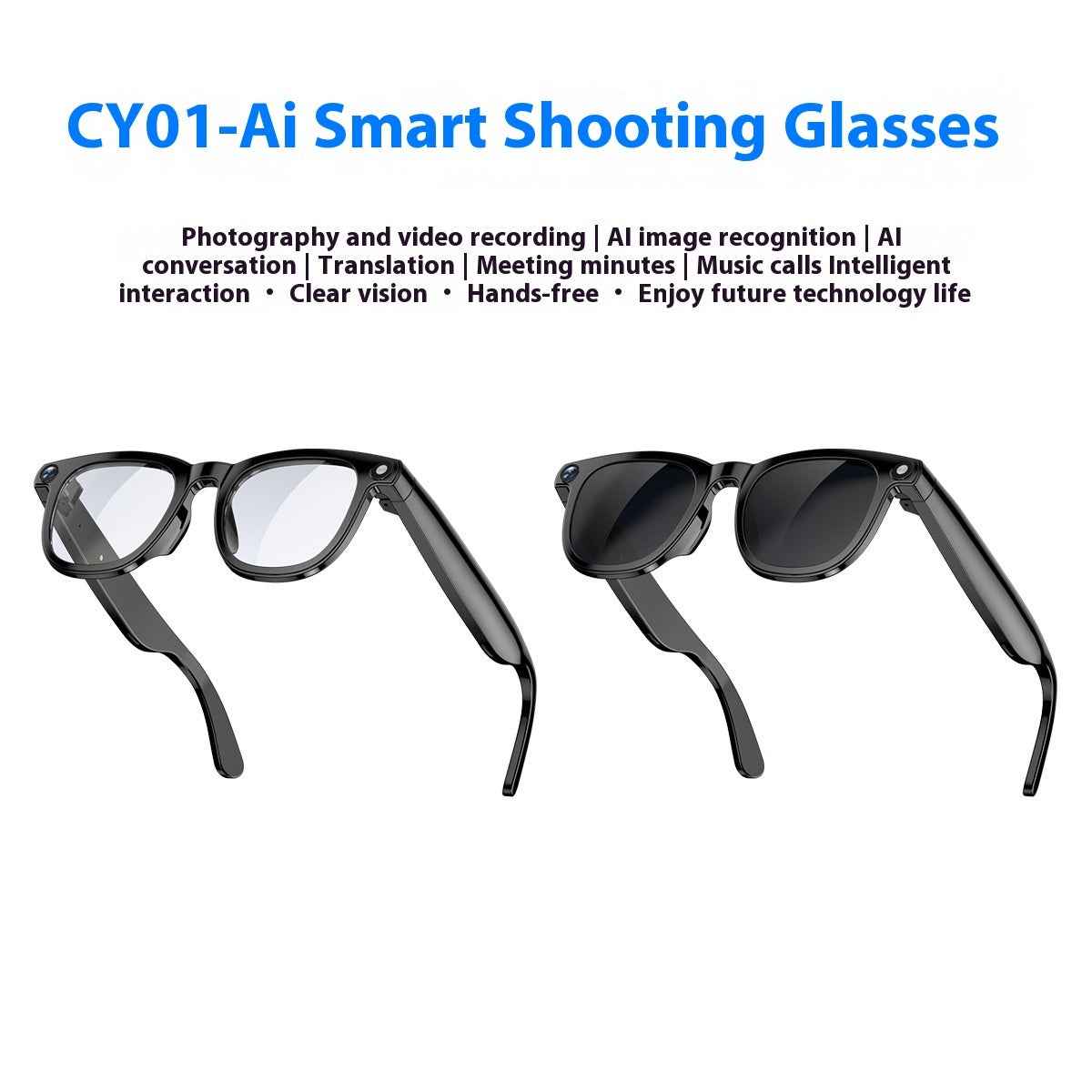 Ai Smart Glasses 800w Double Lens - Innovative AI Technology for Enhanced Vision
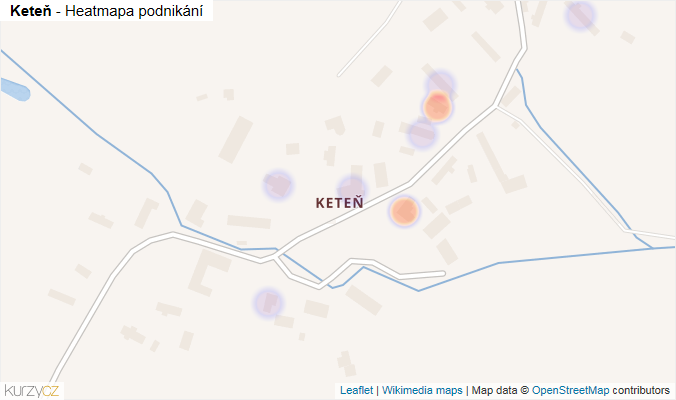Mapa Keteň - Firmy v části obce.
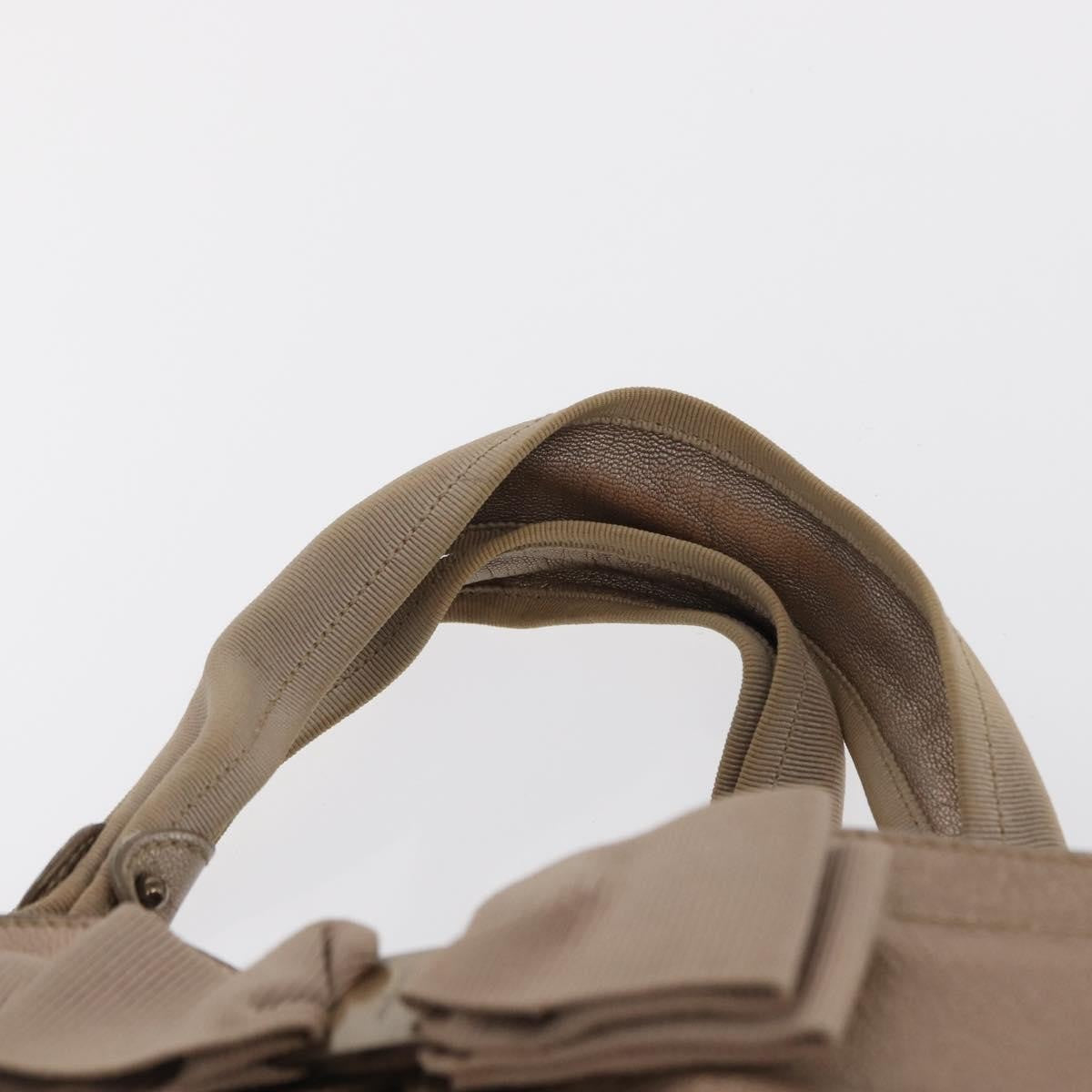 Salvatore Ferragamo Vala Tote Leather Beige Leather Tote Bag Bag (Pre-Owned)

— WORK TASK —
Where the line containing "Mapa Keteň - Firmy v části obce." appears, begin writing out the lines exactly, and continue through the end of the material above, omitting pictures.

— RESPONSE BOX —
Mapa Keteň - Firmy v části obce.
 Salvatore Ferragamo Vala Tote Leather Beige Leather Tote Bag Bag (Pre-Owned)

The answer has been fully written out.